Solo loro possono fare chiarezza sui rapporti tumultuosi tra Elizabeth e l’ex compagno trasformatosi nel suo assassino

Elizabeth Huayta Quispe e Vittorio Vincenzi

Elizabeth Huayta Quispe e Vittorio Vincenzi

Seveso (Monza e Brianza), 1 dicembre 2016 - Le amiche di Elizabeth chiamate in Procura per fare luce sul rapporto tra la donna peruviana e il compagno che l’ha uccisa. Sono state interrogate ieri dalla pm monzese Giulia Rizzo le ex compagne di scuola superiore di Elizabeth Huayta Quispe, la peruviana di 29 anni che proprio una settimana fa è stata strangolata dal compagno Vittorio Vincenzi, 56 anni, da cui ha avuto due figli di 1 e 3 anni, nella loro abitazione in piazza Mazzini a Seveso. L’amicizia tra le tre donne e la vittima era proseguita anche dopo la scuola e una di loro ha sentito al telefono Elizabeth la sera stessa in cui la donna è stata uccisa.

"Quanto è cattivo, lo odio", aveva rivelato all’amica la 29enne, arrabbiata perché era il giorno del primo compleanno della figlia secondogenita il compagno era stato fuori tutto il giorno con i bambini e tardava a tornare a casa, dove la peruviana aveva preparato la festa e la torta per festeggiare la bambina. Dalla ricostruzione delle telefonate fatte dalla vittima i carabinieri sono risaliti ai nominativi delle amiche di Elizabeth e la pm ha deciso di sentirle prima che Vittorio Vincenzi chieda di venire interrogato.

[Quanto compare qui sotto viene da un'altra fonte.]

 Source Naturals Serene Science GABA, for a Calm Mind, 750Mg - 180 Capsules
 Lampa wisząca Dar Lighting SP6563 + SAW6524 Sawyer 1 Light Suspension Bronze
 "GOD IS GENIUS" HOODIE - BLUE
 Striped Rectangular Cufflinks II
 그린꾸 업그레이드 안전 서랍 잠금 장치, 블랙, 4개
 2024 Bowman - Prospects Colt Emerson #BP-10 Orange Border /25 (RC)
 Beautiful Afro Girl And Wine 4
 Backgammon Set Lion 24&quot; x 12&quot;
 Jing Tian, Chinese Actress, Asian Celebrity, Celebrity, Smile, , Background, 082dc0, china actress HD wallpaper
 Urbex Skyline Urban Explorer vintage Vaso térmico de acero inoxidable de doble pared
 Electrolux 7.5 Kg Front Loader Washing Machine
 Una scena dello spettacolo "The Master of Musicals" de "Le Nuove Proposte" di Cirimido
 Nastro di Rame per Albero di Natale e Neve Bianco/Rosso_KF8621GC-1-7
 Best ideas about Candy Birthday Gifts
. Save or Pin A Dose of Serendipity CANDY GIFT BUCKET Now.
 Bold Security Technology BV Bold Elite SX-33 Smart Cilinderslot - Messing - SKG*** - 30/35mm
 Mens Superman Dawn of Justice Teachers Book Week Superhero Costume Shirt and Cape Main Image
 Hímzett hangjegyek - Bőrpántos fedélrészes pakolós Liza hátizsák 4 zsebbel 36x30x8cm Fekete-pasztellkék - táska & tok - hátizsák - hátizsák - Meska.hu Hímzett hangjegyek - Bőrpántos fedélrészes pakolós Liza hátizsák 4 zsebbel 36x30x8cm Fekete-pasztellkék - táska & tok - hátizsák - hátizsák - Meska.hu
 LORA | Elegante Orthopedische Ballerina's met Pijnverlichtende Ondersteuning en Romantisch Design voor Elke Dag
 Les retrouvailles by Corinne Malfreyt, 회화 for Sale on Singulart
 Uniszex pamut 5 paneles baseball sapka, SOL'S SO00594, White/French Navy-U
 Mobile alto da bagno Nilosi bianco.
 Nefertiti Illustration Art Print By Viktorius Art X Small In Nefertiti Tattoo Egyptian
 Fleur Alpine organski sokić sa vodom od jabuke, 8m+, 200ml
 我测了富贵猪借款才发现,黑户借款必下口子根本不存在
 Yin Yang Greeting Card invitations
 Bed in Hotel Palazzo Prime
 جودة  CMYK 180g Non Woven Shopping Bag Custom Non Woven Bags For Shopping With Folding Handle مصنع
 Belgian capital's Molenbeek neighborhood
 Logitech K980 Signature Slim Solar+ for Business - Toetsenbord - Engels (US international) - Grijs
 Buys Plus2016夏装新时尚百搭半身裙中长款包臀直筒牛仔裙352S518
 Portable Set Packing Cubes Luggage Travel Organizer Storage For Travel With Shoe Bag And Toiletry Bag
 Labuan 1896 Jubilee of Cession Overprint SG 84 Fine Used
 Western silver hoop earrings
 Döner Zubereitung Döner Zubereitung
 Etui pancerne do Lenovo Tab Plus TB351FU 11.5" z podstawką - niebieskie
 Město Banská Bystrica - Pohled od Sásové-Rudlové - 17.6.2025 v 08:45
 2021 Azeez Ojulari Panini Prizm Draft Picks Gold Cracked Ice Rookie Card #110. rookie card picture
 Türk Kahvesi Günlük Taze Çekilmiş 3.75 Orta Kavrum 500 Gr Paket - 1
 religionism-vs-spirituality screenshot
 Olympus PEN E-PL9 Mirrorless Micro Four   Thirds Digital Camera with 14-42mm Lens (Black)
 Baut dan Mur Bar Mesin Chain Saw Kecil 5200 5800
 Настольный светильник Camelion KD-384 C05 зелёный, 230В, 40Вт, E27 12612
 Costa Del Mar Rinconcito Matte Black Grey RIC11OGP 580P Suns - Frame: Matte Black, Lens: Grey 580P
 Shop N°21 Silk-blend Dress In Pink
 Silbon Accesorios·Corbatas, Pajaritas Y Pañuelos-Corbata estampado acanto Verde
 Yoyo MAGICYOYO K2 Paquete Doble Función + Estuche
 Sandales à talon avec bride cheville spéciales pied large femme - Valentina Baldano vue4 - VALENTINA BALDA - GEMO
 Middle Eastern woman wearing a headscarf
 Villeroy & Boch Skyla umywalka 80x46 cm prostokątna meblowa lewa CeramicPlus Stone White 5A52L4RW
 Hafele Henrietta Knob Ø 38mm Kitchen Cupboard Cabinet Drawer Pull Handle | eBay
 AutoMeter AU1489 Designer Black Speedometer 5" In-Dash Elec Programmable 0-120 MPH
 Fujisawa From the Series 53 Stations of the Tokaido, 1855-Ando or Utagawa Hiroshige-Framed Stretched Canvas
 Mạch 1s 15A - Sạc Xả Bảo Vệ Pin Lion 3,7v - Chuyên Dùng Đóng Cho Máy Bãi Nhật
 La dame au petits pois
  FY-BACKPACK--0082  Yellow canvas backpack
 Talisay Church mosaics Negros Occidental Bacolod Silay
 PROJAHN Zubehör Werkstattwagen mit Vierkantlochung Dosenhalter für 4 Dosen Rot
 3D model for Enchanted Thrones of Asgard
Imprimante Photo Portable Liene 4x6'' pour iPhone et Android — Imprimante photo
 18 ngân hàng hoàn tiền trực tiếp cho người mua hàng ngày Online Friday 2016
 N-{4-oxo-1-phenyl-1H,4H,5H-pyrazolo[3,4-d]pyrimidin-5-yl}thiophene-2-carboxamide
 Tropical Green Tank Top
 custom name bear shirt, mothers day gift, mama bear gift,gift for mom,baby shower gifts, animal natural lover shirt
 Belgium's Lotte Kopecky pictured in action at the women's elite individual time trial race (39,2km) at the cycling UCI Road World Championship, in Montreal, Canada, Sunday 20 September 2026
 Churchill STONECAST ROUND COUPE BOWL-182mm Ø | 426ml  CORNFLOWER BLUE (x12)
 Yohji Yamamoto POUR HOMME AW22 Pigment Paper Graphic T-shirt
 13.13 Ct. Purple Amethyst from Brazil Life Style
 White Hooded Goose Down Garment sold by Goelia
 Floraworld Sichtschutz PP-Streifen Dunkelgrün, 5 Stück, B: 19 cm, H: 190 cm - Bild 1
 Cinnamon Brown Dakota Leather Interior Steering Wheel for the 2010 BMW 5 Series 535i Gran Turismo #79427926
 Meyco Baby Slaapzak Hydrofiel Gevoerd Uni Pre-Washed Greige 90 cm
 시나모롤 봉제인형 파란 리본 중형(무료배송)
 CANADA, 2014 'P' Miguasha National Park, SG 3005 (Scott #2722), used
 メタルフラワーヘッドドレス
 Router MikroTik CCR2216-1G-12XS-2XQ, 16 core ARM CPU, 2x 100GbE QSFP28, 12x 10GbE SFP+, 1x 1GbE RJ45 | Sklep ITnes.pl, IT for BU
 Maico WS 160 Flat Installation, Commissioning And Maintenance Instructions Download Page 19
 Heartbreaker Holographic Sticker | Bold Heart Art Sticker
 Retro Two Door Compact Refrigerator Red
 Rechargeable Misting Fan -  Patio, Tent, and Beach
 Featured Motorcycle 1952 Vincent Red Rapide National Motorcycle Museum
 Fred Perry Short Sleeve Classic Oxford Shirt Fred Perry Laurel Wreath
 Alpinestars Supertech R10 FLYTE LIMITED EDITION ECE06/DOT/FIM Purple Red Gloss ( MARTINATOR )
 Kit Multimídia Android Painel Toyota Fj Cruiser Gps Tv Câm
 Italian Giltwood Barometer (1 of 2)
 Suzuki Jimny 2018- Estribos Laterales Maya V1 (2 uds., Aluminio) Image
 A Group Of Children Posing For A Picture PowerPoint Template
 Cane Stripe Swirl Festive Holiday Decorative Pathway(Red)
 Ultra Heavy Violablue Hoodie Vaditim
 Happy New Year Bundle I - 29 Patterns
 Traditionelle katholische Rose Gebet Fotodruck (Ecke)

L’uomo, che si trova in carcere con l’accusa di omicidio volontario aggravato dalla premeditazione e dalle sevizie, dopo la convalida dell’arresto decisa dal gip del Tribunale di Monza Patrizia Gallucci, si è infatti avvalso della facoltà di non rispondere alle domande del giudice, su consiglio dei suoi difensori, gli avvocati Ennio Amodio e Massimo Bassi. Ma ha già annunciato la sua intenzione di chiedere di essere interrogato dalla pm titolare dell’inchiesta, dopo avere preso visione dei documenti delle indagini, per chiarire la sua posizione. Il 56enne ha confessato di avere strangolato dopo l’ennesimo violento litigio la compagna con cui viveva da “separato in casa” perché "non riusciva più a sopportarla", ma nega di avere premeditato il delitto e di avere usato sevizie sulla donna. Aggravanti contestate dalla Procura per il fatto di avere messo un armadio davanti alla cucina per impedire al figlio di 3 anni ancora sveglio di raggiungerli e per avere immerso la testa della donna in una pentola di acqua bollente "per essere sicuro che fosse morta" provocandole ustioni al volto. Vittorio Vincenzi sostiene invece che lo spostamento dell’armadio è avvenuto dopo il delitto e che l’acqua nella pentola non era calda. Circostanze che verranno chiarite dagli esiti dell’autopsia eseguita lunedì sul corpo della donna, che ora verrà restituito ai genitori la cui intenzione è di ottenere l’espatrio della salma per riportare la figlia in Perù per il suo ultimo viaggio.